The Evolution of Price Dispersion in the European Car Market
Pinelopi Koujianou Goldberg, Frank Verboven
NBER Working Paper No. 6818
Car prices in Europe are characterized by large and persistent differences across countries. The purpose of this paper is to document and explain this price dispersion. Using a panel data set extending from 1980 to 1993, we first demonstrate two main facts concerning car prices in Europe: (1) The existence of significant differences in quality adjusted prices across countries, with Italy and the U.K. systematically representing the most expansive markets; (2) Substantial year-to-year volatility that is to a large extent accounted for by exchange rate fluctuation and the incomplete response of local currency prices to these fluctuations. These facts are analyzed within the framework of a multiproduct oligopoly model with product differentiation. The model identifies three potential sources for the international price differences: price elasticities generating differences in markups, costs, and import quota constraints. Local currency price stability can be attributed either to the presence of a local component in marginal costs, or to markup adjustment that is correlated with exchange rate volatility; the latter requires that the perceived elasticity of demand is increasing in price.
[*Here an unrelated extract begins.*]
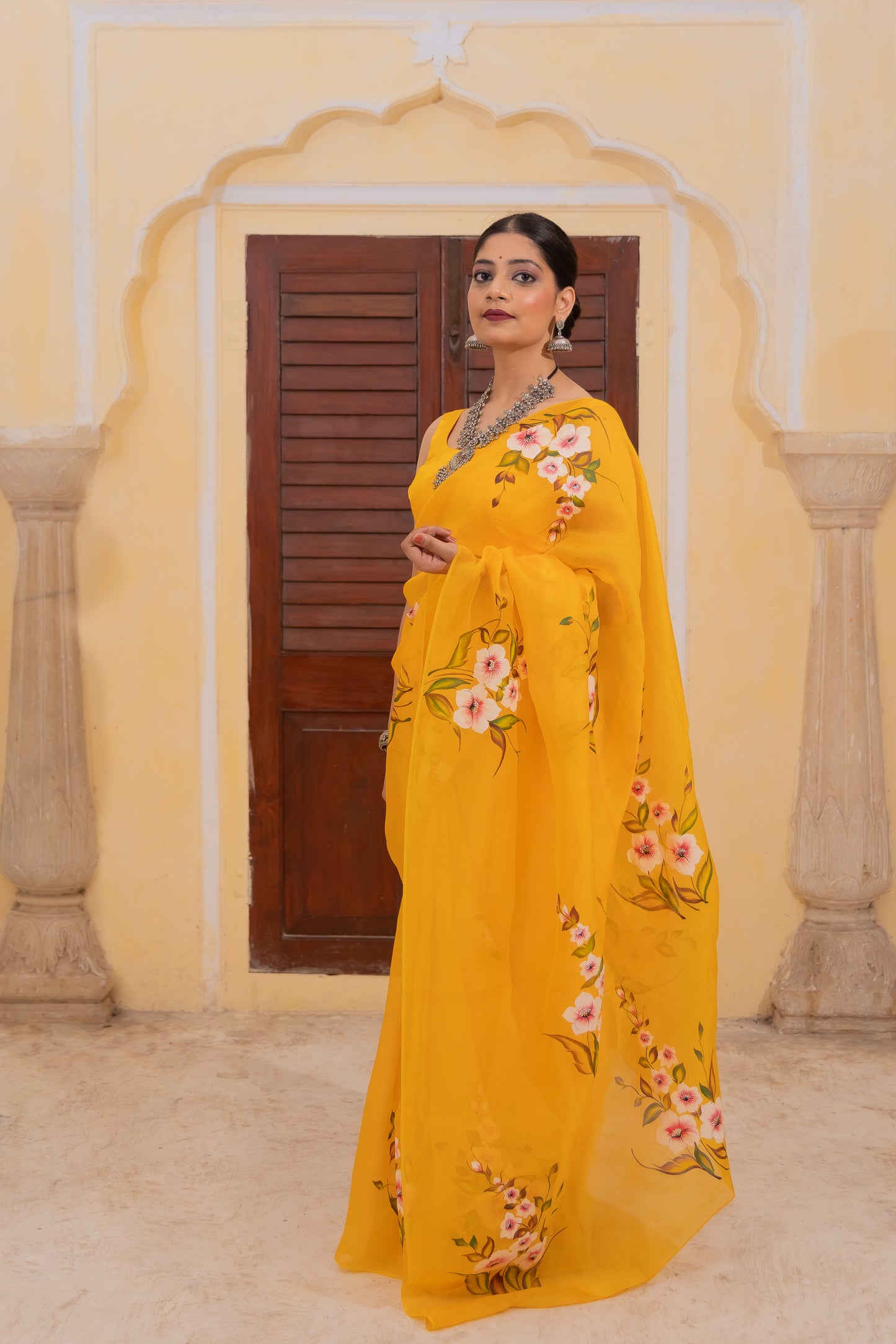 Radiate joy in this mango yellow silk organza saree adorned with vibrant florals 🌼✨ Perfect for brightening any occasion! 💛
We find that the primary reason for the higher prices in Italy is the existence of a strong bias for domestic brands that generates high markups for the domestic firm (Fiat). In the U.K. higher prices are mainly attributed to better equipped cars and/or differences in the dealer discount practices. The import quota constraints are found to have a significant impact on Japanese car prices in Italy, France, and the U.K. With respect to local currency price stability, 2/3 of the documented price inertia are attributed to local costs, and 1/3 to markup adjustment that is indicative of price discrimination. Based on these results, we conjecture that the EMU will substantially reduce the year-to -year volatility observed in the car price data, but without further measures to increase European integration, it will not completely eliminate existing cross-country price differences.